Prayuth stayed out of the spotlight Thursday, a day after he skipped a Parliament session in which lawmakers, including hundreds he helped appoint, voted to keep him in the job he has held since staging a military coup in 2014.
He delivered little more than a brief thank you through a spokesman and on his Facebook page, also promising to carry out his duties to the best of his ability.
Prayuth’s return to the premiership was not a surprise given that he and his junta spent the past five years reworking the country’s political system to make sure he remained in power.
Prayuth’s opponents charge the new system is merely a continuation of military rule in another form. Some provisions in the new constitution the junta commissioned assign special privileges to the military, especially if national security or stability is involved. And the heads of the police and branches of the military are automatically members of the Senate.
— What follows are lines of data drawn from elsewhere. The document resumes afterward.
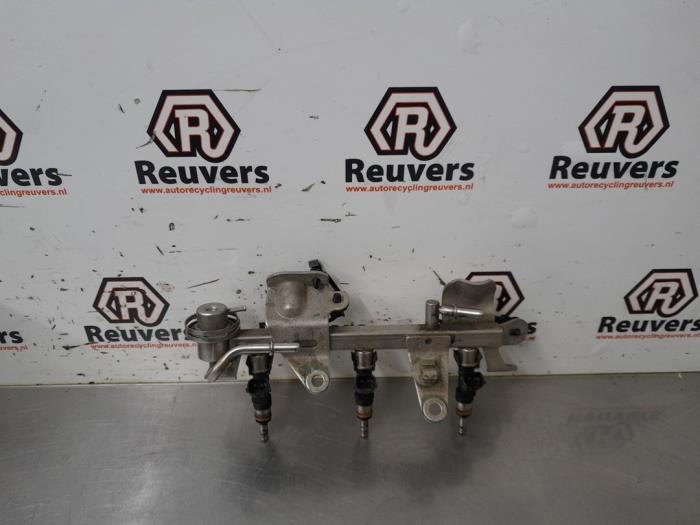Usagé Système d'injection Renault Clio IV (5R) 0.9 Energy TCE 90 12V Prix € 35,00 Règlement à la marge proposé par Autorecycling Reuvers B.V.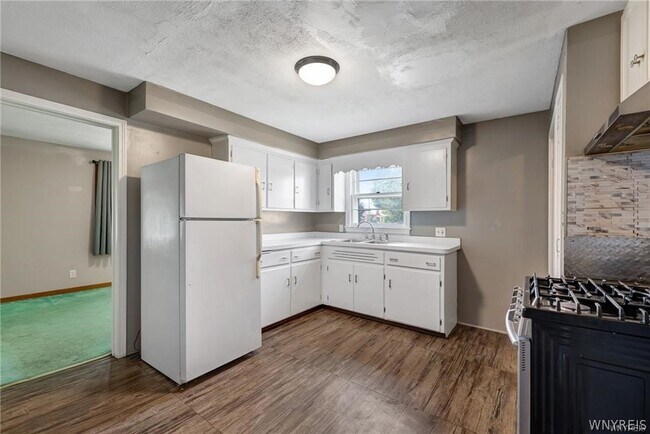 Building Photo - 191 Eastland Pkwy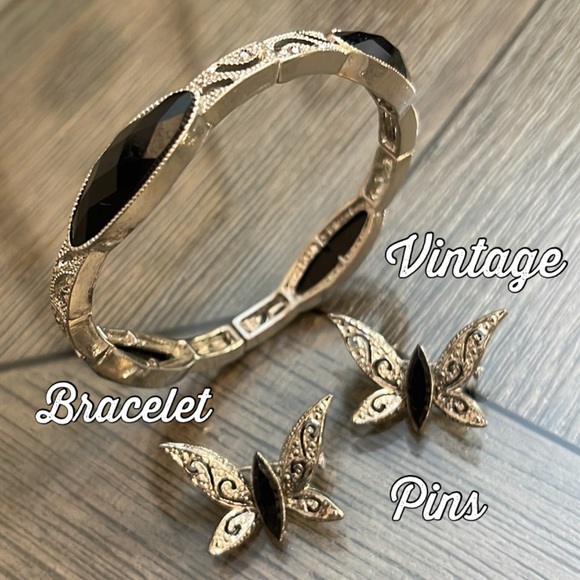 2 Vintage Sliver-tone Butterfly with Jet Black Rhinestone with Bracelet - Picture 1 of 16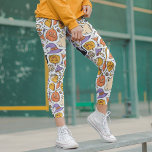 Halloween Modern Spooky Black Cat Pumpkins Witch Leggings<br><div class="desc">Halloween Modern Spooky Black Cat Pumpkins Witch Mönster Leggings har spookypumpor,  häxhattar,  spöken,  kandy,  gravsten,  svarta katter,  broomsticks och hemsökta hus på vit bakgrund. Perfekt att falla med Halloween och Thanksgiving firande. Designad av ©Evco Helgdagars www.zazzle.com/store/evcoholidays</div>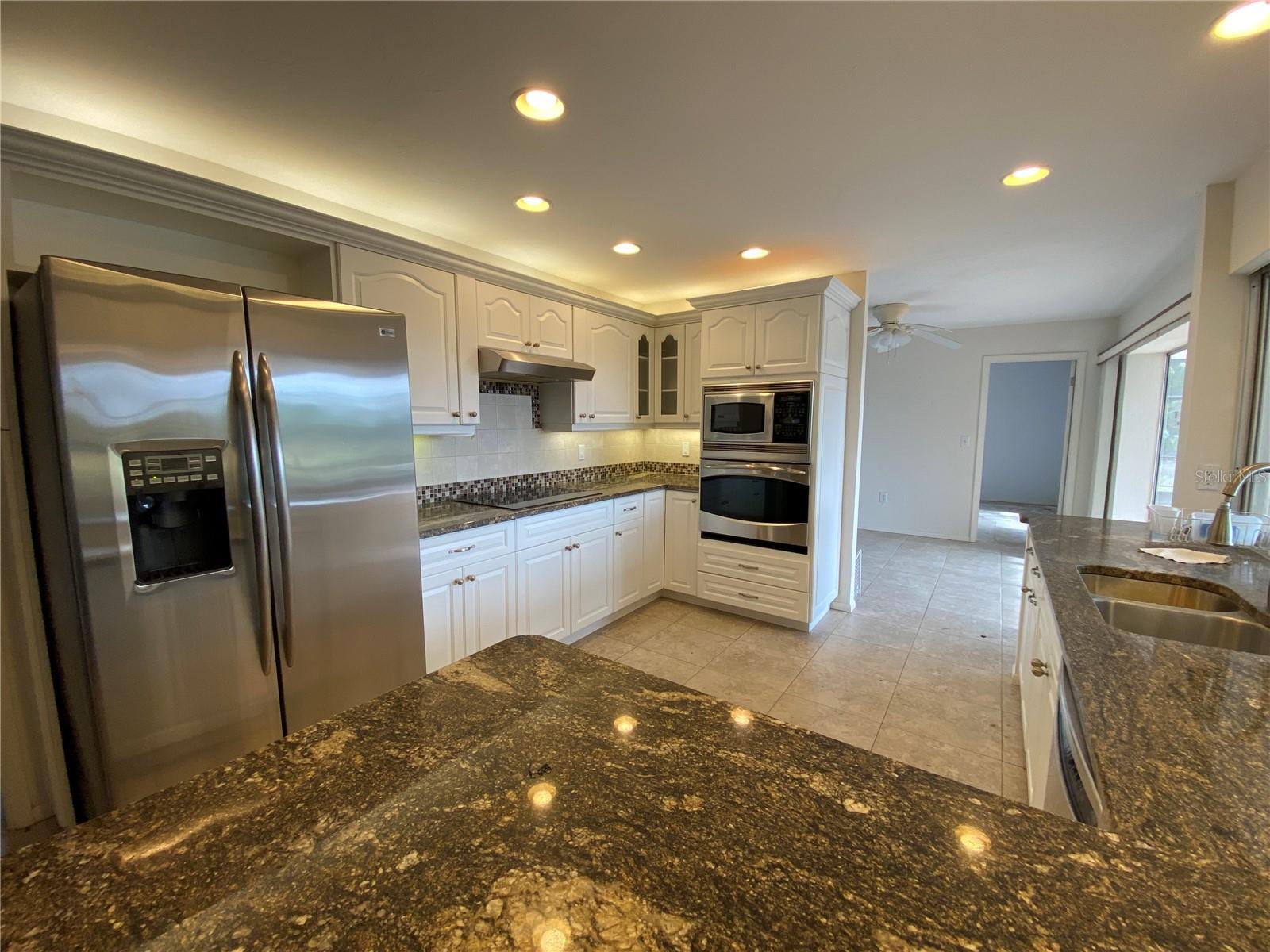 5760 HOWARD CREEK RD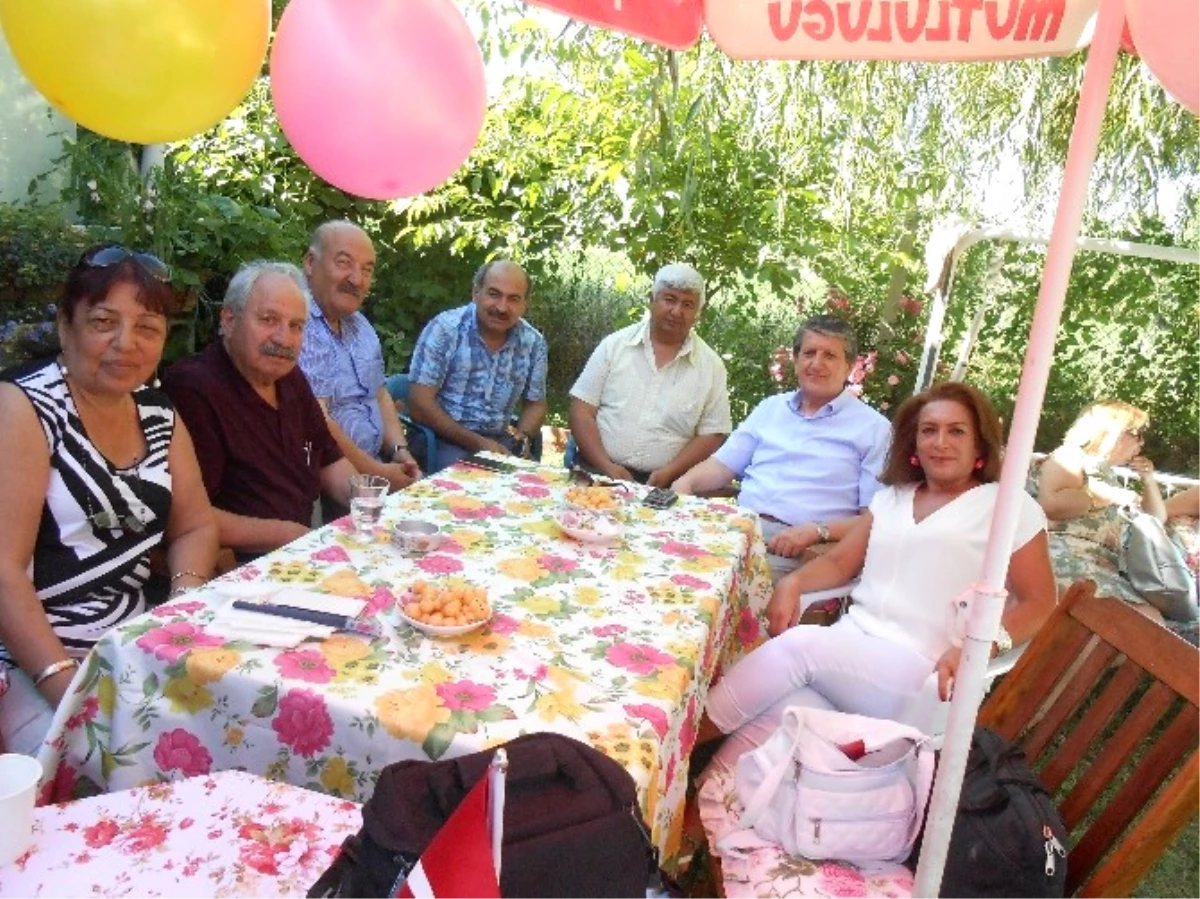 Eskişehirli Şairler ve Sanatçılar Çiftlik Evinde Buluşarak Gönüllerince Eğlendiler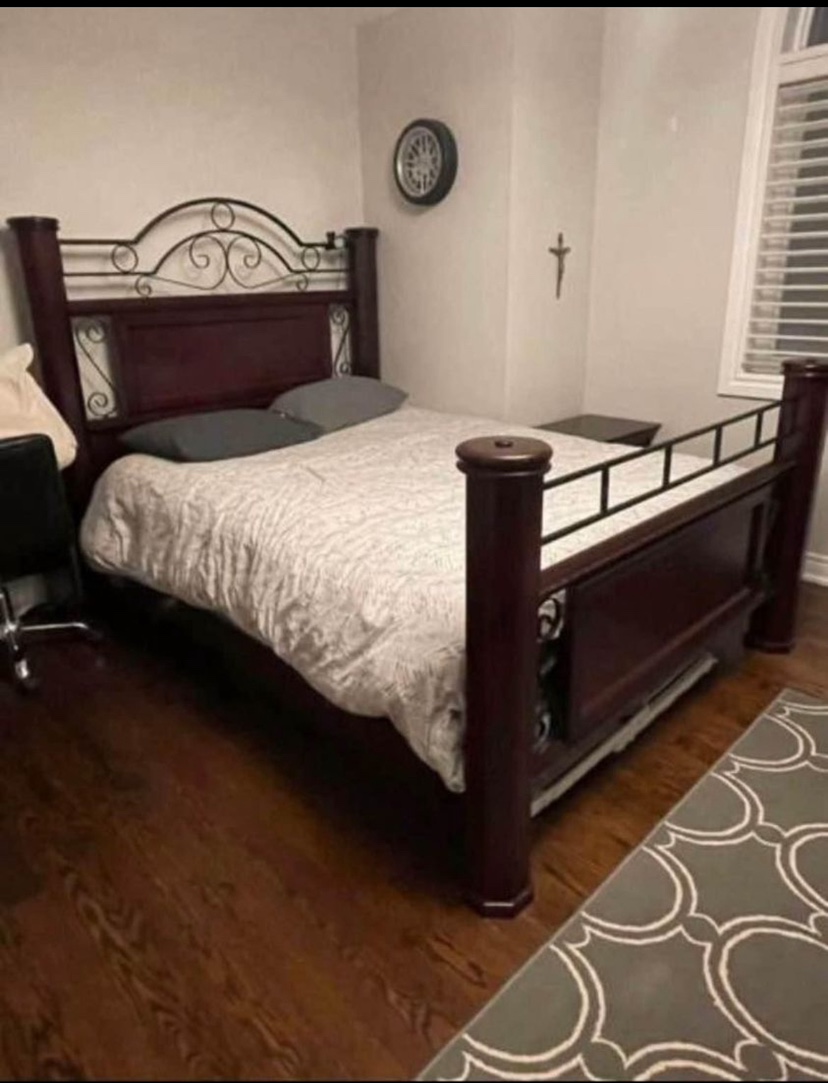 Queen-sized Bedroom Set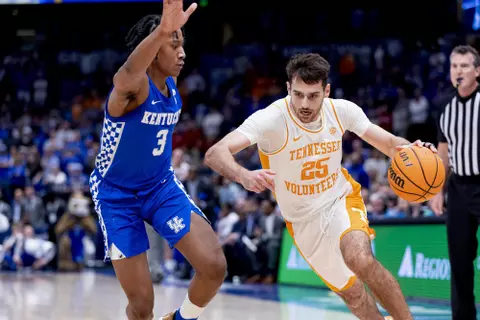 TAMPA, FL - March 12, 2022 - Guard Santiago Vescovi #25 of the Tennessee Volunteers during the 2022 SEC Men?s Basketball Tournament semifinal game between the Kentucky Wildcats and the Tennessee Volunteers at Amalie Arena in Tampa, Fl. Photo By Andrew Ferguson/Tennessee Athletics
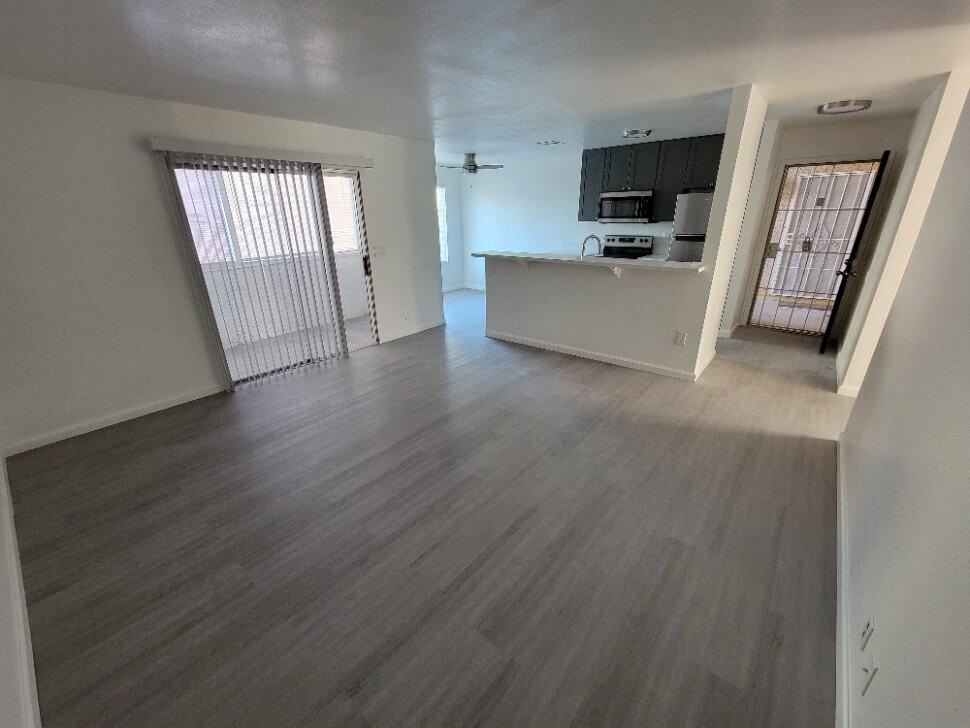 2771 Mountain Vista St Apt B - Photo 6 of 20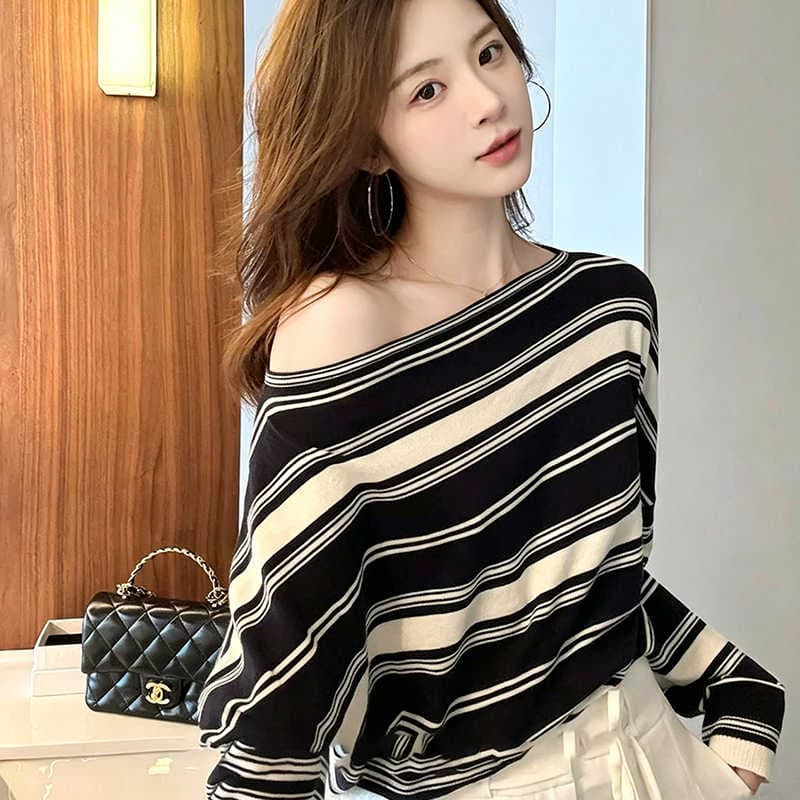 느슨함 센스 작은 표준 패션 오프숄더 스트라이프 배색 니트 스웨터 여성 긴 소매 루즈핏 다용도 슬림해 보이는 맨위 봄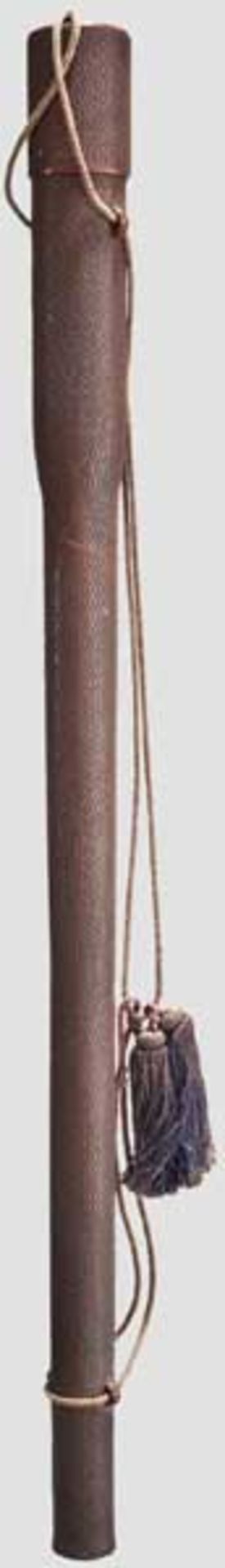 Pfeilköcher, Japan, Meiji-/Taisho-Periode   Tubus und Stülpdeckel aus geprägtem Pappmaché, rot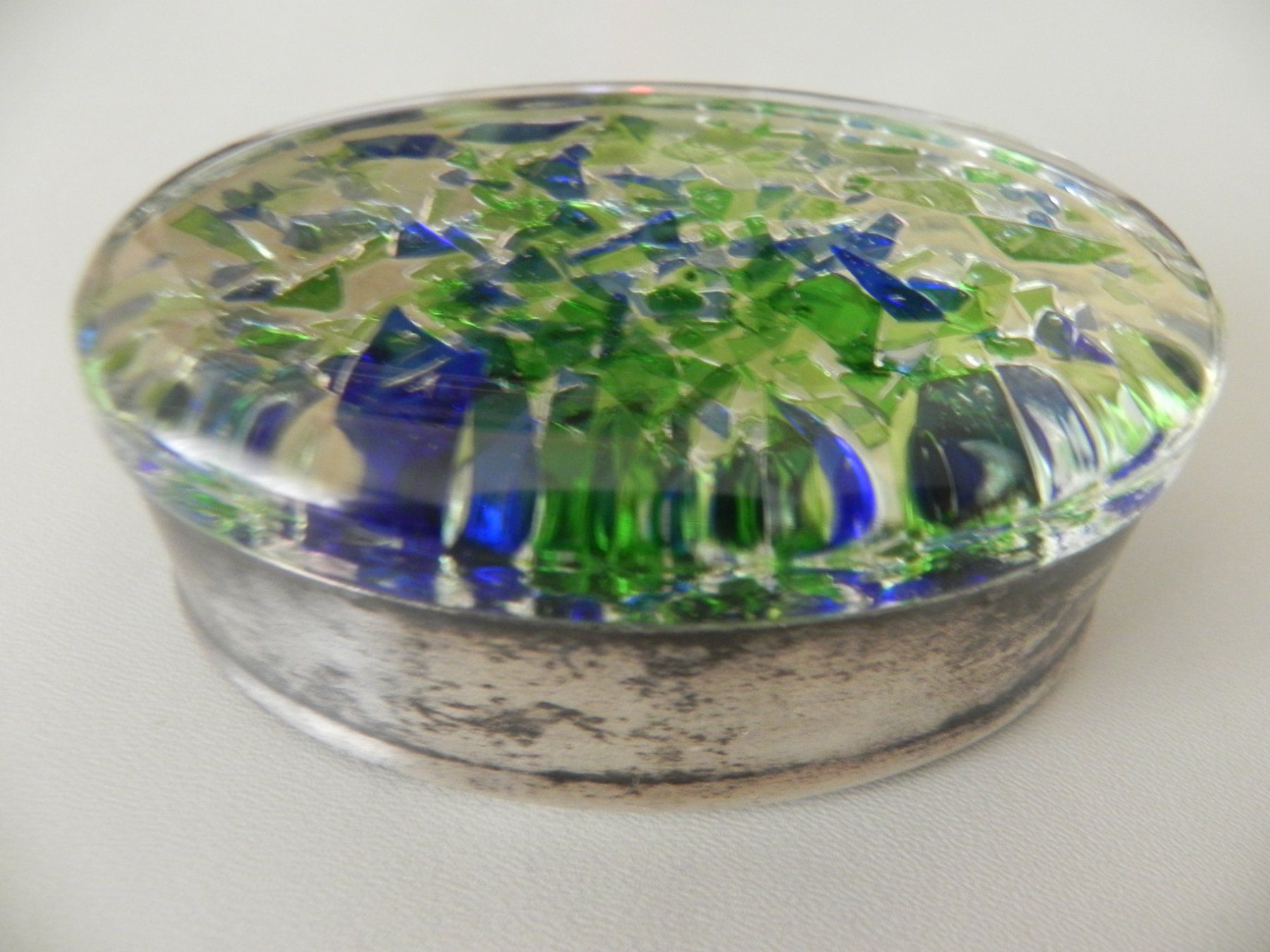 Altro in Decorazioni & Accessori: Versilberte schwer Dose mit Glasdeckel – Usato da Minusio venduto da Lory64 2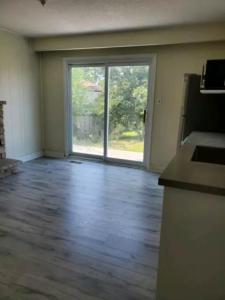 gorgeous 2 bedroom apt near finch n 404 $1,650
But there are doubts that Prayuth will be able to run things smoothly since he will lose some powers he had as head of the junta, and be accountable to a Parliament with an opposition, rather than the tame national assembly he appointed after the coup and used to rubber-stamp his decisions. In the lower house, which passes law and approves budgets, Prayuth’s ruling coalition has a razor-thin majority.
“He is in a kind of a strongman mold, but now he has to be accountable, more scrutinized, so we can expect him to lose some temper. We can expect him to be flustered, frustrated. But the big question is whether the coalition government will hold,” said Thitinan Pongsudhirak, a professor of political science at Bangkok’s Chulalongkorn University.
Under Prayuth’s junta there were a bevy of laws enacted that allowed it to take action against its critics and opponents, stifling dissent online and in real life.
The major instrument he wielded was a provision known as Article 44, which handed him lawmaking powers without the need for approval from anyone. It was enacted under an interim constitution to replace martial law, which was declared right after Prayuth’s 2014 takeover.
The junta will be dissolved when Prayuth appoints his new Cabinet, and Article 44 will expire with it, even though the orders enacted under Article 44 will remain in force.
Thitinan expects Prayuth’s will try to stay above the fray and allow military-allied lawmakers to protect him, a strategy other previous unelected military prime ministers employed. He said that may prove a difficult task, given the size and determination of the opposition bloc and the unwieldy nature of his own coalition.
“General Prayuth as head of it all will have a big headache at a minimum, but beyond that, he also will face a kind of scrutiny he hasn’t seen in the last five years that may involve some very sensitive issues,” such as his personal assets, his relatives and associates, Thitinan said.